In the absence of multilateral reform, free trade agreements such as the CETA are critical because the target is a developed, high value market and the FTA benefits the full value chain. This includes Canadian sugar, sugar-containing products and further processed food products such as confectionery, breakfast cereals, baking mixes and baked goods, biscuits, processed fruits and so on. We fully support timely implementation of the CETA including the necessary export procedures to ensure our industry can take full advantage of the negotiated access improvements.
The next major priority is the Trans Pacific Partnership. It is critical that Canada ratify this historical agreement as the costs of exclusion would put Canada further behind in food processing investment and trade. While this agreement has not resolved international sugar trade distortions, it will provide valuable access improvements to the United States and other markets. In the meantime, prior to ratification, much work remains to analyze and promote the specific export opportunities in Japan and other TPP markets for Canada’s sugar-containing products and food processing sectors.

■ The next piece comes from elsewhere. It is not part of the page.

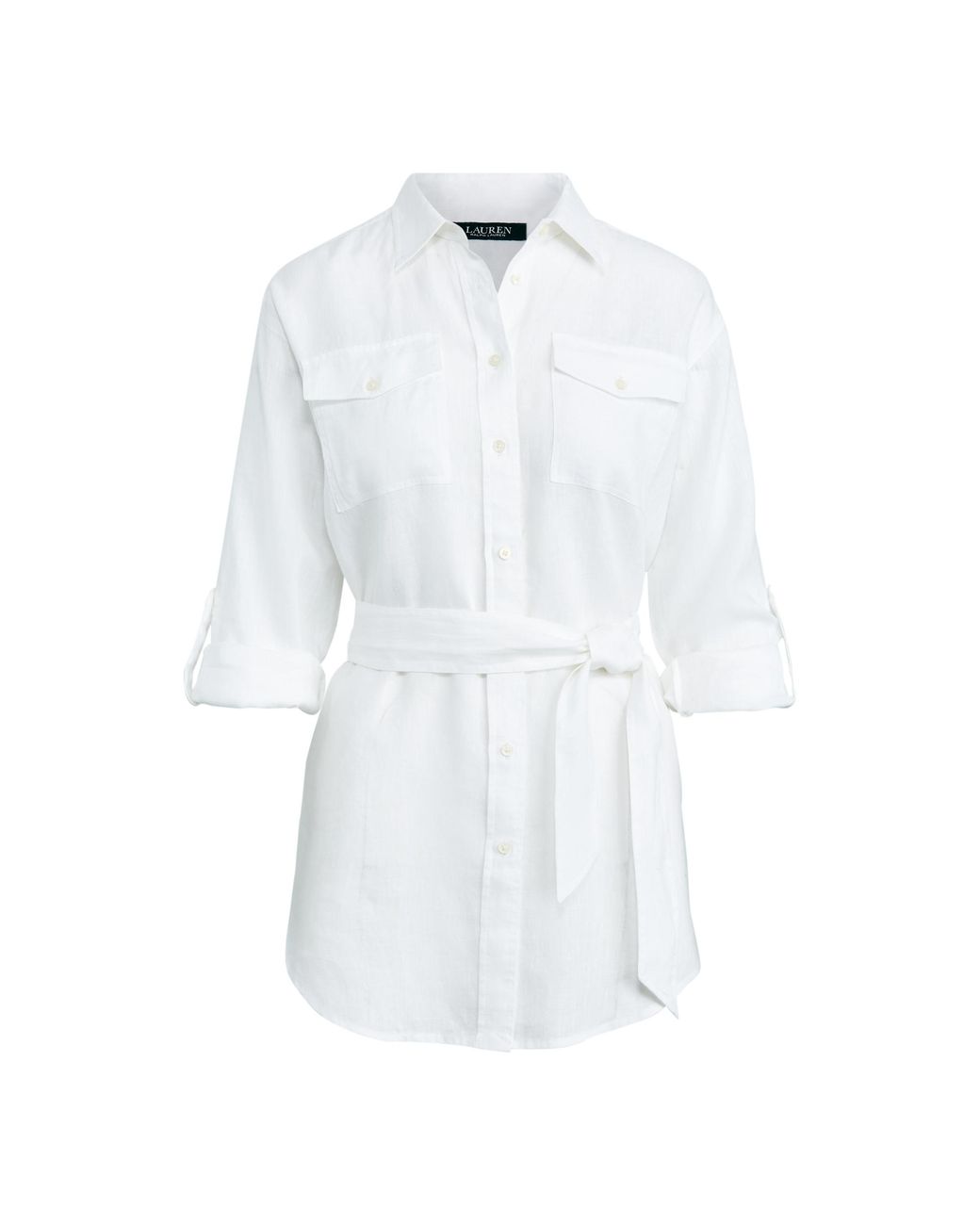 Ralph Lauren Belted Linen Shirt in White - Lyst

We are encouraged by new government mandates to develop trade agreement implementation plans and targeted strategies to promote trade and investment. Further investment and exports from Canada will improve capacity utilization of our cane sugar refineries and sugar beet processing plant, enhancing our competitiveness and that of our food manufacturing customers at home and in export markets.
It is absolutely essential that Canada takes the lead in advancing and ratifying trade liberalizing initiatives, particularly with high value markets such as the EU and the TPP region where our industry and our customers can maximize synergies through the value chain.

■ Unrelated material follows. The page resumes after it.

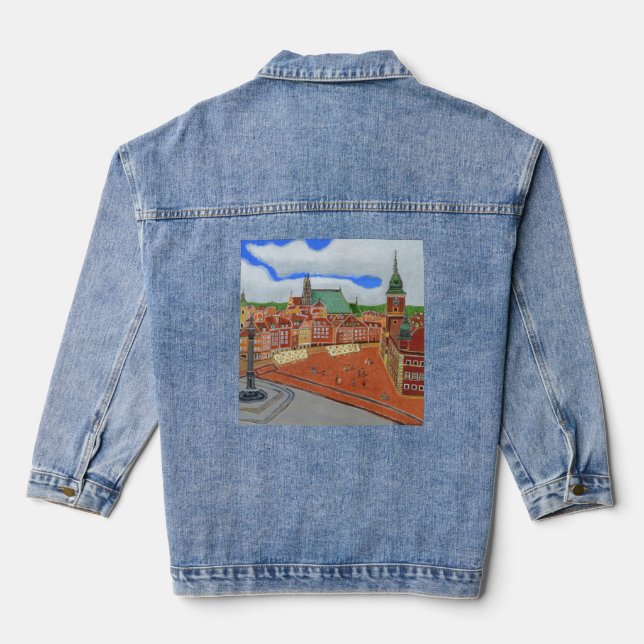 Warsaw, Poland Denim Jacket  (Back)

For further information, contact:
Sandra Marsden, President, Canadian Sugar Institute
The Canadian sugar industry produces 1.2 million tonnes of refined sugar annually with a value of shipments of over $1 billion dollars. The sugar industry contributes directly to the Canadian economy through its investment and employment at refined cane sugar operations in Quebec, Ontario and British Columbia, sugar beet processing in Alberta and sugar-containing product manufacturing in Ontario. Canada’s world market based refined sugar production has contributed in a major way to the development of a vibrant value-added food manufacturing sector, Canada's second largest manufacturing industry. Canadian sugar is an essential input for major sugar using food processors across the country which account for over $18 billion in sales, one quarter of all Canadian food manufacturing sales and $5 billion in exports. The Canadian Sugar Institute is a member of the Canadian Agri-Food Trade Alliance (CAFTA) representing Canada’s export-based agriculture and agri-food sector.